Caspase-3 activity analysis

Caspase-3 activity was assessed using the Caspase-3 Colorimetric Assay Kit (R&D Systems) following the manufacturer’s protocol.

Western Blotting

Protein lysates from tissues or cells were prepared using RIPA buffer supplemented with protease and phosphatase inhibitors. The protein concentration was determined using the BCA Protein Assay Kit (ThermoFisher Scientific). Samples were separated by 10% SDS-PAGE and transferred onto PVDF membranes. The membranes were then incubated overnight at 4°C with specific primary antibodies (refer to Table S1) in TBS-T buffer containing 5% BSA. After washing with TBS-T, the membranes were incubated with HRP-conjugated anti-rabbit IgG or anti-mouse IgG antibodies for 2 h. Immunocomplexes were visualized using an ECL detection kit (ThermoFisher Scientific) and detected by chemiluminescence.
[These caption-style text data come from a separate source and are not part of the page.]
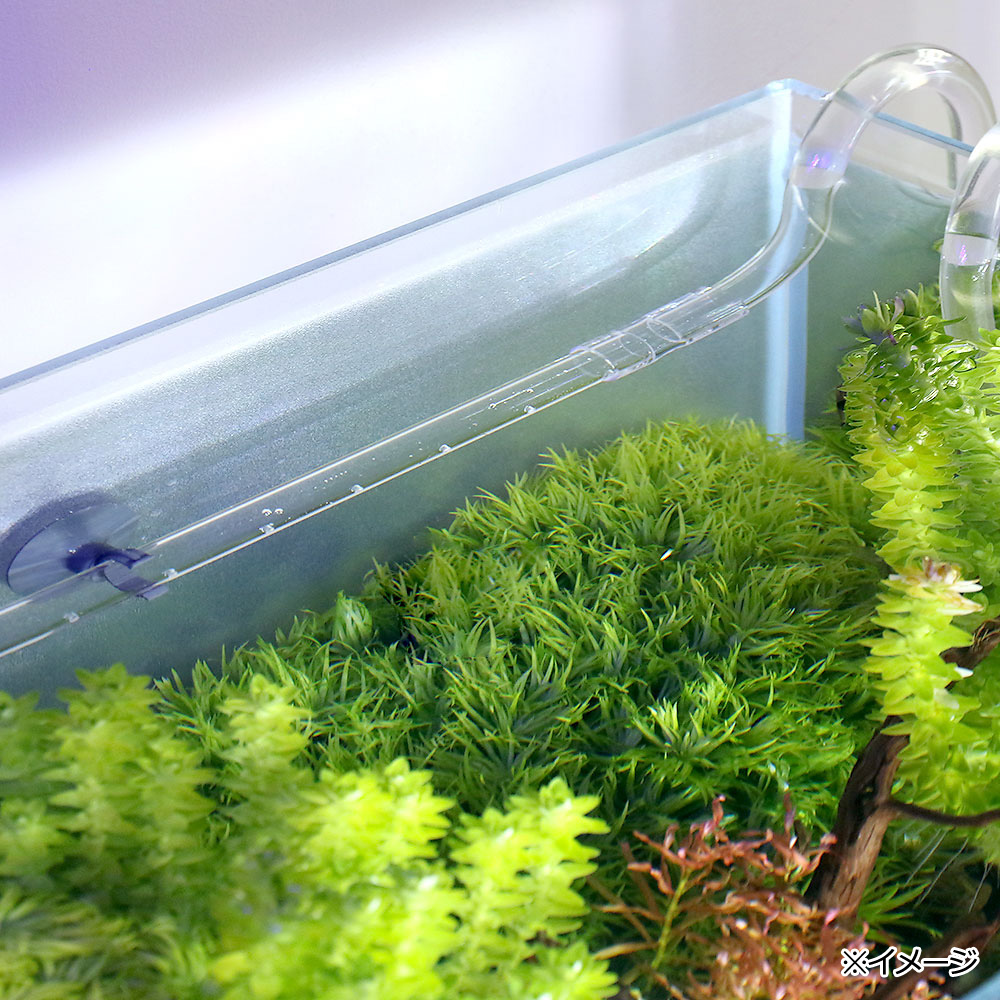 楽天市場 リーフオリジナル プラスチックシャワーパイプ クリア ２０ｃｍ 直径１２ １６のホース用 止水栓付き クリップ付吸着盤 関東当日便 Charm 楽天市場店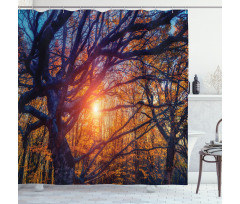 Majestic Trees Woods Shower Curtain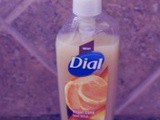 Dial® Sugar Cane Husk Hand Soap Review & Giveaway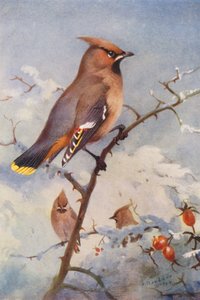 Vaxvinge (färglitografi) av Archibald Thorburn
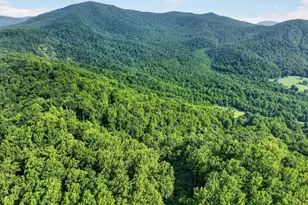 453 Lost Valley Rd, Madison, VA 22727 - Photo 52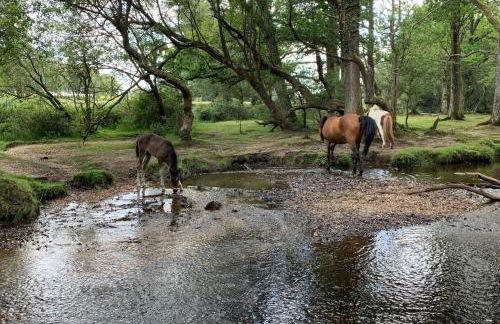 Cosy & Central Brockenhurst Flat, 2BR - Foto 25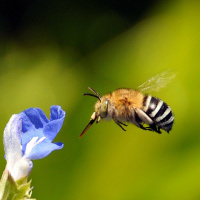 Pip Permaculture Podcast #19 Native Bees with Megan Halcroft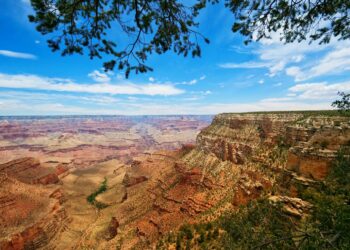GRAND CANYON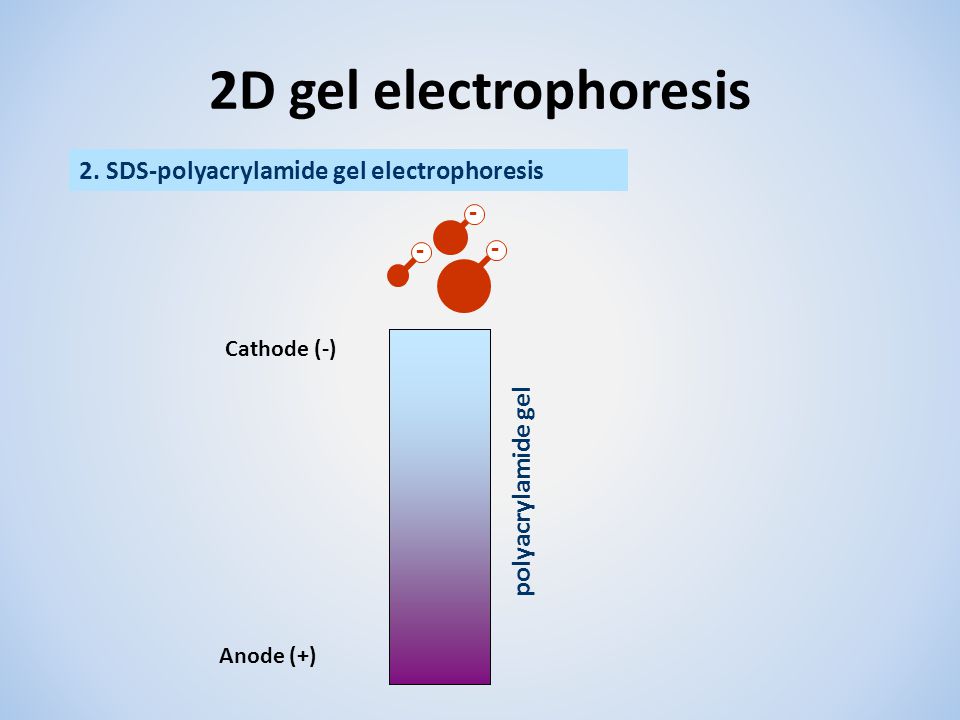 2D gel electrophoresis 2. SDS-polyacrylamide gel electrophoresis - - -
Total RNA isolation, cDNA synthesis, and RT-qPCR

Total RNA was isolated from tissues or cells using TRIzol reagent (Thermo Scientific, Waltham, MA, USA). The quantity and quality of mRNA were assessed using a nanodrop spectrophotometer (Thermo Scientific, Waltham, MA, USA). cDNA was synthesized with the High-Capacity cDNA Reverse Transcription Kit with RNase Inhibitor (Applied Biosystems, Foster City, CA). For mRNA analysis, RT-qPCR was performed using specific primers and SYBR Green PCR Master Mix (Applied Biosystems) on a QuantStudio 12k Flex System (Applied Biosystems, Foster City, CA). GAPDH was used as a normalization control. The results were analyzed using the comparative Ct (ΔΔCt) method (2−ΔΔCt for logarithmic transformation). For miRNA analysis, reverse transcription and real-time PCR were conducted according to protocols specified by GenePharma (Shanghai, China). U6 was used as the normalization control. All reactions were run on a QuantStudio 12k Flex System (Applied Biosystems, Foster City, CA) and analyzed using the comparative Ct (ΔΔCt) method (2−ΔΔCt for logarithmic transformation). Refer to Table S2 for corresponding primer sequences.

sEV extraction and characterization

sEV were isolated from cell culture supernatants using differential ultracentrifugation. Briefly, cells were cultured in T75 culture flasks for 48 h to extract sEV. After culturing, the cell culture supernatant was collected and centrifuged at 330 g for 10 minutes to remove residual dead cells. The supernatant was transferred to new centrifuge tubes and centrifuged at 3 000 g for 30 minutes to remove cell debris. Subsequently, the supernatant was transferred to clean ultracentrifuge tubes and centrifuged at 10 000 g for 60 minutes to remove larger vesicles. Following centrifugation, the supernatant was filtered through a 0.22 μm filter and transferred to new ultracentrifuge tubes for ultracentrifugation at 120 000 g (Beckman Coulter) for 120 minutes to pellet sEV. After extraction, sEV proteins were lysed directly using a cell lysis buffer, and sEV RNA was extracted using Trizol. sEV were suspended in PBS, collected in enzyme-free centrifuge tubes, and stored at -80°C for up to 7 days. Total sEV protein was quantified using the BCA Protein Assay Kit (ThermoFisher Scientific). sEV identification was performed using several methods: Western blotting to investigate the expression of sEV positive proteins (CD9, CD63, Flotillin-1) and sEV negative proteins (Calnexin, β-actin); nanoparticle tracking analysis to analyze the size distribution of extracted sEV, typically ranging from 30 to 200 nm; and transmission electron microscopy to observe the typical bilayer membrane structure and confirm sizes between 30 and 200 nm. These methods collectively confirmed the standard characterization of the extracted sEV.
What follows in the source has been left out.